To be fair, Peter Schiff and I aren’t the only people worried about a recession. There are a lot of people in the mainstream saying the Fed needs to stop raising rates or it is going to cause an economic downturn. These folks are only half right. It’s not the rate hikes that will cause a recession. The Fed set that stage when it cut rates in the first place.

Economist Daniel Lacalle summed it up perfectly.

In a recent Bloomberg article, a group of economists voiced their fears that the Federal Reserve’s inflation fight may create an unnecessarily deep downturn. However, the Federal Reserve does not create a downturn due to rate hikes; it creates the foundations of a crisis by unnecessarily lowering rates to negative territory and aggressively increasing its balance sheet. It is the malinvestment and excessive risk-taking fueled by cheap money that lead to a recession.”

When you understand these economic fundamentals, it becomes clear that the US economy is heading toward a cliff. But I still can’t tell you exactly when it will plunge over.

A few days ago, I was revisiting the timeline before the 2008 financial crisis and the ensuing Great Recession, and I realized the dynamics were much the same in 2006 and 2007 as they are today.

Peter Schiff, Ron Paul and a few others were warning of a housing bust and financial crisis as the mainstream insisted everything was fine. In fact, up until the point Lehman Brothers went under in the fall of 2008, some people were still insisting everything was fine.

Of course, in retrospect, everything was far from fine as far back as 2006.

And the Fed knew everything wasn’t fine. That’s why it started cutting interest rates in September 2007 — while still insisting everything was fine.

My point here is that everything is fine. Until it isn’t.

The Fed (the drug pusher) has been slowly cranking down the amount of drug it’s giving to the addict. The addict is already feeling the pain but hoping against hope he will get a bigger fix soon. That’s why the markets react with glee every time we get bad economic news or good news on the inflation front. The addict thinks that means the Fed will go back to the status quo – pushing the drugs.

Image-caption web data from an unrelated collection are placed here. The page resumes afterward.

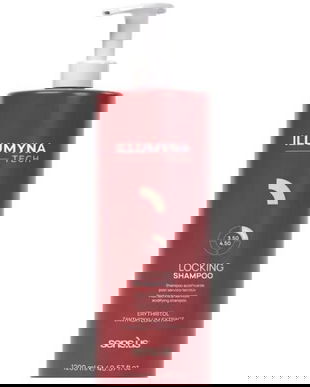 Șampon Acidifiant Sensus Illumyna Tech Locking - Curățare și Protecție Păr, 1200 ml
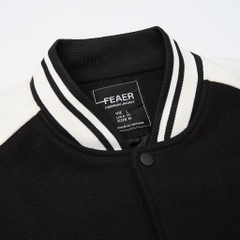 SP623 - Áo Khoác Spliced Varsity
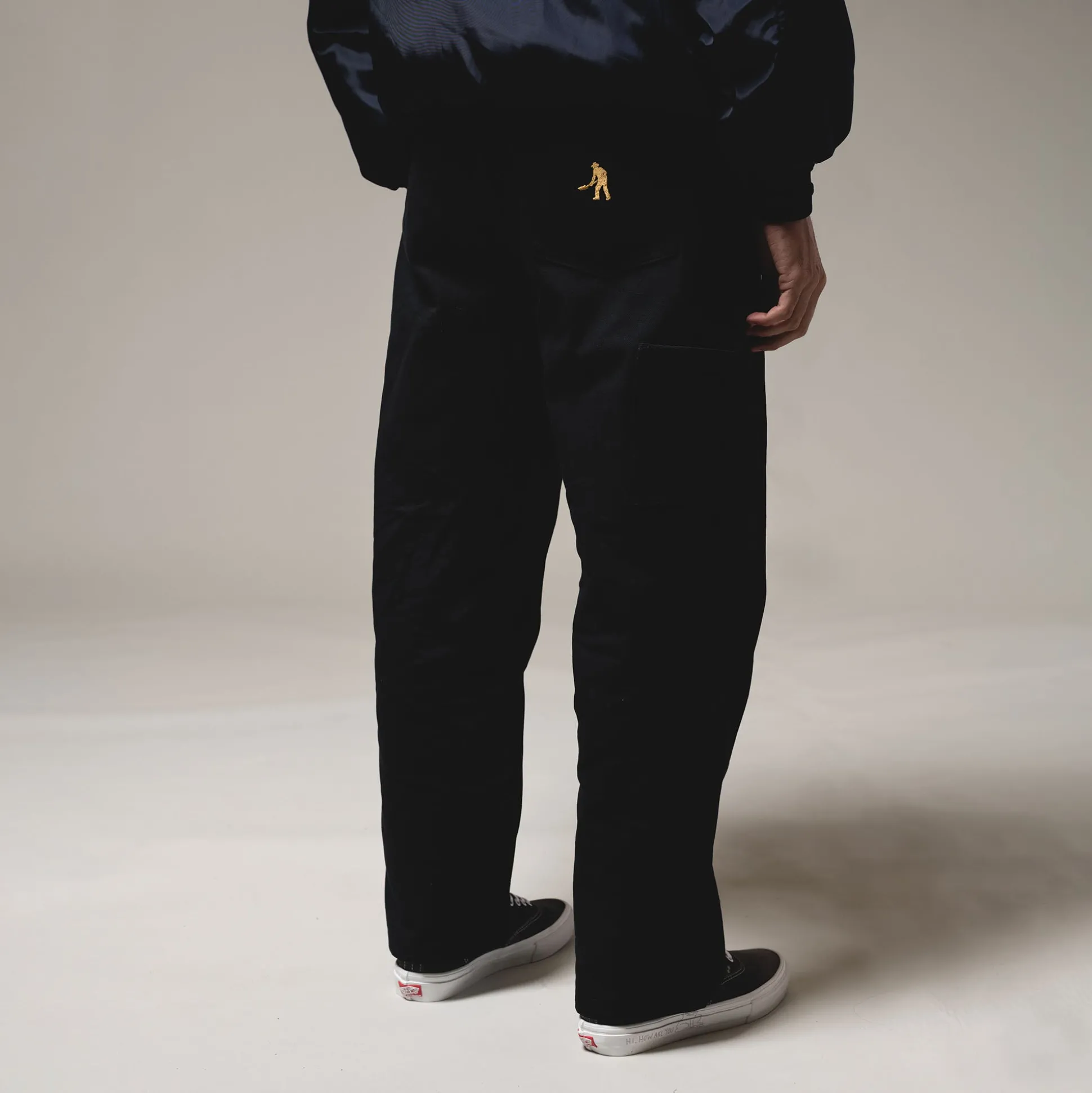 Pass~Port Diggers Club Pant - Tonal Tar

But at its December meeting, the Fed cranked down the drug level even lower.

Jerome Powell keeps saying the Fed can still manage a “soft landing.” But no matter what the pusher says, you can’t take away an addict’s drugs without causing pain. And at some point, the addict is going to go into full-blown withdrawal.

That’s why I’m convinced that at some point in the relatively near future, something big will break. There will be another Lehman-type event that sets off a crash nobody can deny. But when that happens, I can’t say. It could be next week, next month, or even a year from now. Regardless I believe the die has already been cast. It was cast the moment the Fed started running the printing press.

The question is what does the Fed do when this happens? How will it respond when it can no longer plausibly deny the economic chaos? Does go back to giving the addict his drug? Or does it let the addict die?

If history is any indication, the Fed will go back to drugging up the economy. That means inflation wins. And if it doesn’t, you can expect a financial crisis that will make 2008 look like good times.

As Peter Schiff said in a recent tweet, “A pivot will send inflation soaring, which will compound the problem. But if they don’t pivot, we don’t just get a severe recession, we get a worse financial crisis than the one we had in 2008.”